We agree. This idea of mixing things up and adding variety is an important way to keep your audience engaged and interested. Change your approach, show a video, introduce a new speaker, take questions or otherwise adjust your format often to keep people listening.

But don’t expect these regular changes alone to hold audience attention, particularly if these attempts at re-engagement are boring. Too many changes can make a presentation choppy, uneven, or even inconsistent, and if you watch the entire Apple product launch on September 12, you’ll notice some weak spots. For example, they had NBA Hall-of-Famer Steve Nash as co-presenter for a new basketball training app that he has helped create for the iPhone. It was cool—and even unexpected—to see Nash on stage, but his style was flat and uninspiring.

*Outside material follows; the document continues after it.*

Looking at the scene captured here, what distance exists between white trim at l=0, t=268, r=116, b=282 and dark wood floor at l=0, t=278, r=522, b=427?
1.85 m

As a speaker, keep the goal in mind: you’re not looking to simply change your approach, you’re looking to engage your audience. If you’re thinking about implementing the fundamentals of neuroscience into your next series of presentations, be sure not to ignore the fundamentals of public speaking. Here are few do’s and don’ts for you to consider:

Don’t choose speakers just because their position or credentials indicate that they should be invited to speak. Reporters who sit through press conferences often indicate that they disengage when conference planners give everyone a chance to speak regardless of whether they add a valuable perspective to the news topic.

Do use a variety of transitions from segment to segment. Apple used videos and introductions quite well throughout its event.

Do include exciting and surprising perspectives from people with good presentation skills. Avoid the C-suite if they will slow down the program—be open to including customers, front-line employees and others, as long as they know how to hold your audience’s attention.

Don’t speak any longer than you have to. Less is more, and shorter is sweeter. Avoid any tendencies to “kill time.” Remember, Apple has been doing this for years. The media looks forward to it, the stock market watches carefully, news has already been strategically leaked, and the audience is filled with proven Apple fans, of which there are many. They have earned the right to put on a long program. Most companies, however, have not earned that right.

By all means, use variety to keep your audience listening. But don’t forget to pack your program with great speakers who will give them good reasons to re-engage every ten minutes or so. Boring segments will always be boring, no matter how short they are.